Another one I'm not sure about is the limit as x approaches infinity of (x^2)/lnx
I took the derivative of the top and bottom and got 2x/(1/x) which is the same thing as 2x^2. Can I keep going or do I just say that the limit does not exist?
you can keep going, but if you do, you're in trouble.
2x^2 = 2x^2/1
using the Rule, you'd have
4x/0 --> oo
So, the limit is as you found it, 2x^2 --> oo
To find the limit as x approaches infinity of the given function, (x^2)/lnx, you need to consider the behavior of the numerator and denominator separately.
First, let's analyze the numerator, x^2. As x approaches infinity, x^2 also approaches infinity because the square of any positive number grows without bound as the number itself increases.

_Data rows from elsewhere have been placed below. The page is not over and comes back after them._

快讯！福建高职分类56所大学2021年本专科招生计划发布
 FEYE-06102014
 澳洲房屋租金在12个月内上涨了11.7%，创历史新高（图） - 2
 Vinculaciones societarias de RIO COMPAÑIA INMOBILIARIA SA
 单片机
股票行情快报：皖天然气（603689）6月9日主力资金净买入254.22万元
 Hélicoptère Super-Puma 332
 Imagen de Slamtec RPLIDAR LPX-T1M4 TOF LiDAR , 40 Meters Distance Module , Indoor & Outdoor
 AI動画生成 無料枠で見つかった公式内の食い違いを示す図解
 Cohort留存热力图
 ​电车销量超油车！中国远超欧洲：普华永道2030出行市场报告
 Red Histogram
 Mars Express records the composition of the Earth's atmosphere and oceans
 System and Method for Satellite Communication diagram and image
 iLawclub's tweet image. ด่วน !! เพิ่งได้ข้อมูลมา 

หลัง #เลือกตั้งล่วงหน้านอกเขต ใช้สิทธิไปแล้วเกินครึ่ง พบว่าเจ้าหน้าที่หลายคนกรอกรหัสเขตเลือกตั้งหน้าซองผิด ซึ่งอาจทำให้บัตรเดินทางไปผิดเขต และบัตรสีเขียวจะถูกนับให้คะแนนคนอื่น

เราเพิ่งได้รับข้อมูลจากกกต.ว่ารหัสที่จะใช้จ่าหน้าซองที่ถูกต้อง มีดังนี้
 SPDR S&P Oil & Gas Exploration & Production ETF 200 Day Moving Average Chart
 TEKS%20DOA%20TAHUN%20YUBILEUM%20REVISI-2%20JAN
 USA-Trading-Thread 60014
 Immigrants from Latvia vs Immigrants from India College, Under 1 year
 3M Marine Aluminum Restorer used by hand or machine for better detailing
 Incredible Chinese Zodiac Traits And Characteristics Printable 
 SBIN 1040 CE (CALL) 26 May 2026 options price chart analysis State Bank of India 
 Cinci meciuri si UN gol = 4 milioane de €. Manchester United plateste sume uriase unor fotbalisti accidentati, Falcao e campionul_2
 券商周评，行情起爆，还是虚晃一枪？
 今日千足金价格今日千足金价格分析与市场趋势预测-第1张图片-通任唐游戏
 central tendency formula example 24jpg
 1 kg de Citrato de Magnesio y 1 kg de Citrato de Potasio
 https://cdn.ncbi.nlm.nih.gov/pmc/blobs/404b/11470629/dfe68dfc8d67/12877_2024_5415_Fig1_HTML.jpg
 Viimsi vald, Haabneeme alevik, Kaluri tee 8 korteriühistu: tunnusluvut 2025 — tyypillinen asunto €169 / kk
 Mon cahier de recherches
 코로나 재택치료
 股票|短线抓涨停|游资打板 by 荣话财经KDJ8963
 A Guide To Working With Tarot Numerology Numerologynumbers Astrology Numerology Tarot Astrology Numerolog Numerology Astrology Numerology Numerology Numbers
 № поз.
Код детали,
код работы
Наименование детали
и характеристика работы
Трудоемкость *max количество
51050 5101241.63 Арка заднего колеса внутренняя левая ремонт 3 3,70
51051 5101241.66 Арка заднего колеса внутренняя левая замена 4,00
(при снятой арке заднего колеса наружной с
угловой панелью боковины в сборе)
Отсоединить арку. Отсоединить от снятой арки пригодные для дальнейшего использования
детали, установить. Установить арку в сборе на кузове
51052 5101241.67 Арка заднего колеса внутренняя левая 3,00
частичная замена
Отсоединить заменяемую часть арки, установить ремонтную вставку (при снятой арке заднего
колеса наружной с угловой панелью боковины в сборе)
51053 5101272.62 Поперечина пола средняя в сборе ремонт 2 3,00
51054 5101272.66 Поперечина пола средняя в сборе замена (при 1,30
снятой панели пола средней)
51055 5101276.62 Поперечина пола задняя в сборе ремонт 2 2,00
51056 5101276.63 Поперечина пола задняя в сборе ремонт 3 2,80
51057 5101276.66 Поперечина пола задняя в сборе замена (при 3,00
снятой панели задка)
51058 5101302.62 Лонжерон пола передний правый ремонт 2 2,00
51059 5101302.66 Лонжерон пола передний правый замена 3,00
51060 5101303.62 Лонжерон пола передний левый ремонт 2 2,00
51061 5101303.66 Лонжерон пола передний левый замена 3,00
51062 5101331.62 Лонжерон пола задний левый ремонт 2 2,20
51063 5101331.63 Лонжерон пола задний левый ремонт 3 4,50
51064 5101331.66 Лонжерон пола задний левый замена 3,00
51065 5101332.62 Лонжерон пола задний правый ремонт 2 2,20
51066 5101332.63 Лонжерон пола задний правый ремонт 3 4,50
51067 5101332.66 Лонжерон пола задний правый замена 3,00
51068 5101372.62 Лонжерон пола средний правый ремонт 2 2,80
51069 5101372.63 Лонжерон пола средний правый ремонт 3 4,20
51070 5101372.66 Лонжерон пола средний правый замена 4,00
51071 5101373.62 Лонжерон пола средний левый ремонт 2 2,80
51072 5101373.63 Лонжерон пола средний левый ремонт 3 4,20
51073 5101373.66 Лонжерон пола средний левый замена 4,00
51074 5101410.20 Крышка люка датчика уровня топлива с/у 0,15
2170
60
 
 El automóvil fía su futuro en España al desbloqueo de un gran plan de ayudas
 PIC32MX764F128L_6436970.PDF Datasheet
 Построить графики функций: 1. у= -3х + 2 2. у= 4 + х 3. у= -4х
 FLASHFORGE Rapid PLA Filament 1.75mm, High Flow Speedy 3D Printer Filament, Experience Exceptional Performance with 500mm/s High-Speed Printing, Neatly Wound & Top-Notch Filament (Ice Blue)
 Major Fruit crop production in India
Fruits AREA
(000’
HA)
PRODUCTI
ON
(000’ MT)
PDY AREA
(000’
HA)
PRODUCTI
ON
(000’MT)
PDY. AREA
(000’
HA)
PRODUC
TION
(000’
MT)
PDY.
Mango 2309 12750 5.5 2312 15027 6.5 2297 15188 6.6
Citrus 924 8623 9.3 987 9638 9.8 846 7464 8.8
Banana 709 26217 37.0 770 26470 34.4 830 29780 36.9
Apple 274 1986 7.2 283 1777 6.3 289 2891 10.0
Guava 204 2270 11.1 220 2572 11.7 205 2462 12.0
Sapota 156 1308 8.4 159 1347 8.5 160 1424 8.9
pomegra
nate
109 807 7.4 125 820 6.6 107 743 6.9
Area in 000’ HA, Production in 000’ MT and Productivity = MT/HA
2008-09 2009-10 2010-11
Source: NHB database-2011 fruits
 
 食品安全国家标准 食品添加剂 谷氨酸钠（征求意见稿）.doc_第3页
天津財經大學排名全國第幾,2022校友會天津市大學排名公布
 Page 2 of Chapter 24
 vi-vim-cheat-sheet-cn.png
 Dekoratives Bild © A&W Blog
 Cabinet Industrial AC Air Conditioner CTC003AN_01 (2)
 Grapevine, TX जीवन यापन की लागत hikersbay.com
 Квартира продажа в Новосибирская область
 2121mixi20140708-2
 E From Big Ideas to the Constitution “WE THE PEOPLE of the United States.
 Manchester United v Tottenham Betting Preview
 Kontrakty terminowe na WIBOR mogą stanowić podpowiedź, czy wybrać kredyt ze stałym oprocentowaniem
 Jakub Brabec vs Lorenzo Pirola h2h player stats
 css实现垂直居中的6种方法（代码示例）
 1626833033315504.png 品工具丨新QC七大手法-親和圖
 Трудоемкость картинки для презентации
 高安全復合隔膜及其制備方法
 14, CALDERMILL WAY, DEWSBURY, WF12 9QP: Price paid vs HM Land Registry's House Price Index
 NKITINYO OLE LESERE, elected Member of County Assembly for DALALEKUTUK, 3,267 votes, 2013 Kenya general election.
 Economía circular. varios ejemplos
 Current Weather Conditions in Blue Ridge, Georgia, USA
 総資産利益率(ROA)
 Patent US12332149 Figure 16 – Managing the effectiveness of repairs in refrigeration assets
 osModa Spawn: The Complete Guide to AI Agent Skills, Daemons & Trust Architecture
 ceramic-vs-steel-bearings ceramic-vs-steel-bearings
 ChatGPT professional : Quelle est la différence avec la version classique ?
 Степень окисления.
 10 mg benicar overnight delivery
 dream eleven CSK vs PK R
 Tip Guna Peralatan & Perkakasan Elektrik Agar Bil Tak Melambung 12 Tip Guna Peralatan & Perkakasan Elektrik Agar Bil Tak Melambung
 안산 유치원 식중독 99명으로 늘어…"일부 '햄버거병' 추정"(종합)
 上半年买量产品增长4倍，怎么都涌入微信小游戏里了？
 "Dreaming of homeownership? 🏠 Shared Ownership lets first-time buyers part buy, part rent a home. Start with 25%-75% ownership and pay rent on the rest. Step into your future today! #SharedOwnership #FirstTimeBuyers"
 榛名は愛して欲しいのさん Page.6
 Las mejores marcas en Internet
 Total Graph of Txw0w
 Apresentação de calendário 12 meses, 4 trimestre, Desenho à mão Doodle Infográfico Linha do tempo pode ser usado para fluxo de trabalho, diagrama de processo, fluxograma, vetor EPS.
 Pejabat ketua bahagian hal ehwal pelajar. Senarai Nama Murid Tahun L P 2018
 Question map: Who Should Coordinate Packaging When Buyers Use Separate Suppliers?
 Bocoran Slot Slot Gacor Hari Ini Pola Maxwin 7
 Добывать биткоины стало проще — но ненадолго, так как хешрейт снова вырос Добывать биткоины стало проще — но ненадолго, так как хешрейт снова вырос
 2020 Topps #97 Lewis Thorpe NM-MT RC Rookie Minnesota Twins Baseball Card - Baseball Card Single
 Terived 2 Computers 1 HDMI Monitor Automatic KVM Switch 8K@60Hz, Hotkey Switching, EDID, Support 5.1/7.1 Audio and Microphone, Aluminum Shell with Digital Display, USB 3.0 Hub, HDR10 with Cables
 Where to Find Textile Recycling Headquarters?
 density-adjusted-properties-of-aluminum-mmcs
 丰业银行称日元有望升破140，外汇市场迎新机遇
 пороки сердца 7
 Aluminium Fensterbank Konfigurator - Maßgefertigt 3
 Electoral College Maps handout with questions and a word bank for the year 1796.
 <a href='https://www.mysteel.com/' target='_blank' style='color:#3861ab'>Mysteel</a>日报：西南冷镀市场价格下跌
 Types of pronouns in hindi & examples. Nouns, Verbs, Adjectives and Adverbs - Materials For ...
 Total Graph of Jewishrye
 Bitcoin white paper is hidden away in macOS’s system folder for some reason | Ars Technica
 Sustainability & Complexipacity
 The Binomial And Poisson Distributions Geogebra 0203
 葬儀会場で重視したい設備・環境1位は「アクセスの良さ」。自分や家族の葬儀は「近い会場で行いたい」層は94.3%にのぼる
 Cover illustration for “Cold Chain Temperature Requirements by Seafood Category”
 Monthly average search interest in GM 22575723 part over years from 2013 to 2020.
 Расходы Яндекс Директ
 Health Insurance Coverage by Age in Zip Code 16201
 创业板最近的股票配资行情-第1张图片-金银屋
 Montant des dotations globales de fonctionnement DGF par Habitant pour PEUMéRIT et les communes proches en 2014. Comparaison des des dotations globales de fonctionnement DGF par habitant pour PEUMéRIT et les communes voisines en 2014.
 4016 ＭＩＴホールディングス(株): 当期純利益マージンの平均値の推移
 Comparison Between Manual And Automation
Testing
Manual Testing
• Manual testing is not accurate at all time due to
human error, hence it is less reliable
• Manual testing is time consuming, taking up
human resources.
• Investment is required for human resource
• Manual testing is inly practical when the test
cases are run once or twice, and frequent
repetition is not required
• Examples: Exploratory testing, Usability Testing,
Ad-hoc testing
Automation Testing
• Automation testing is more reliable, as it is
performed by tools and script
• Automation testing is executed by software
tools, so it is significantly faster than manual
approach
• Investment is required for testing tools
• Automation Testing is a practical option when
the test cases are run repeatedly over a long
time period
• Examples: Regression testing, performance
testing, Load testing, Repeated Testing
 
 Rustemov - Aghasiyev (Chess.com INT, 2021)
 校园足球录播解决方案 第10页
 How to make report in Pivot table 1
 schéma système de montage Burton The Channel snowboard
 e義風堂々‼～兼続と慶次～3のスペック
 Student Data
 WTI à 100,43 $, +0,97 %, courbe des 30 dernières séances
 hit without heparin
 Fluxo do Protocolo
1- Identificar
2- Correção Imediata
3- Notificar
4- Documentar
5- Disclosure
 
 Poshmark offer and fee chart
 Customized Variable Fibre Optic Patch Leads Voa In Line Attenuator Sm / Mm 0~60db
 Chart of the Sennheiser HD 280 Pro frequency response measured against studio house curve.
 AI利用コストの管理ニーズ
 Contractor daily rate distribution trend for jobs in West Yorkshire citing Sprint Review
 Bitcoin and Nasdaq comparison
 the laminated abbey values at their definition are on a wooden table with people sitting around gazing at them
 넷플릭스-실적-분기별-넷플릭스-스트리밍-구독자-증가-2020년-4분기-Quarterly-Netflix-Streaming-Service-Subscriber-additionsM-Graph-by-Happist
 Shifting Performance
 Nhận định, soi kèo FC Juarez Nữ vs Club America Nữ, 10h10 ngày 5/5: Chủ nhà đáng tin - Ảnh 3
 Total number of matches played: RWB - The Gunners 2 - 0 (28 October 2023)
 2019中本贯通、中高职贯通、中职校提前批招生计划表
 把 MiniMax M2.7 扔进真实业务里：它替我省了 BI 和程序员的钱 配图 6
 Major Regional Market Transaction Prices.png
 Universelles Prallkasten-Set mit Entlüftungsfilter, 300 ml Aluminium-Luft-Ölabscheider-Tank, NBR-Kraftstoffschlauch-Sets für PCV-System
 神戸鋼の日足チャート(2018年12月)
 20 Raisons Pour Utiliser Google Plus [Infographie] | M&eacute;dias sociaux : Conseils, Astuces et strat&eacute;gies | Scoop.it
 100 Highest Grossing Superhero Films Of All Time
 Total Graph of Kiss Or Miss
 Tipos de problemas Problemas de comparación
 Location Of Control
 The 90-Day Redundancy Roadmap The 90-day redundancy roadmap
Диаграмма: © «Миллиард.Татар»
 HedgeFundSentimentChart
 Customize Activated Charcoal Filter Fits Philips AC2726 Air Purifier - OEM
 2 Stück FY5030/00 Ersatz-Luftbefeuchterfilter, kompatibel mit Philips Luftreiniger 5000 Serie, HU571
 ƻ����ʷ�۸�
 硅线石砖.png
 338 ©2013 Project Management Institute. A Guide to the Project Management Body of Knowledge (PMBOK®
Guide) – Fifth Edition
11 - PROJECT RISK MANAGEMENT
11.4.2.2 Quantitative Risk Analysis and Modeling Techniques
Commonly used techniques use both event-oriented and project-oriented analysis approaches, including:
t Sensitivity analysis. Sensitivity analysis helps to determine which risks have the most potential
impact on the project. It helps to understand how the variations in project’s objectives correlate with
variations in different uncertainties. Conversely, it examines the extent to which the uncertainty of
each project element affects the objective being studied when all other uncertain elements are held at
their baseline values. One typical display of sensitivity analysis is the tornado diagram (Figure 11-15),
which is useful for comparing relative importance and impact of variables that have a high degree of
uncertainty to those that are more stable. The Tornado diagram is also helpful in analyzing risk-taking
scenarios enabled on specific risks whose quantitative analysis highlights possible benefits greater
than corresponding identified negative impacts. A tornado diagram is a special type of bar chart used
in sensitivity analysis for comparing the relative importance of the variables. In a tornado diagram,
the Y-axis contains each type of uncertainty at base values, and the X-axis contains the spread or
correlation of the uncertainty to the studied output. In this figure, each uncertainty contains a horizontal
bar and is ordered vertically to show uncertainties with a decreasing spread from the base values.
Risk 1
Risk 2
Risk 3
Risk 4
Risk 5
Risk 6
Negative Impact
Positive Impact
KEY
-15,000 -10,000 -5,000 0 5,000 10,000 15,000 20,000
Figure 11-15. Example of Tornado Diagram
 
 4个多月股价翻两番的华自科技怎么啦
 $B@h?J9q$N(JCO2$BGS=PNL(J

So, we can conclude that the numerator approaches infinity as x approaches infinity.
Next, let's examine the denominator, lnx. As x approaches infinity, the natural logarithm of x, lnx, also increases without bound but at a slower rate than x^2. This implies that the denominator approaches infinity at a slower pace than the numerator.
To determine the overall behavior of the function as x approaches infinity, you need to compare the growth rates of the numerator and denominator. In this case, since the numerator grows faster, the function approaches infinity as x approaches infinity.
Therefore, the limit as x approaches infinity of (x^2)/lnx is infinity.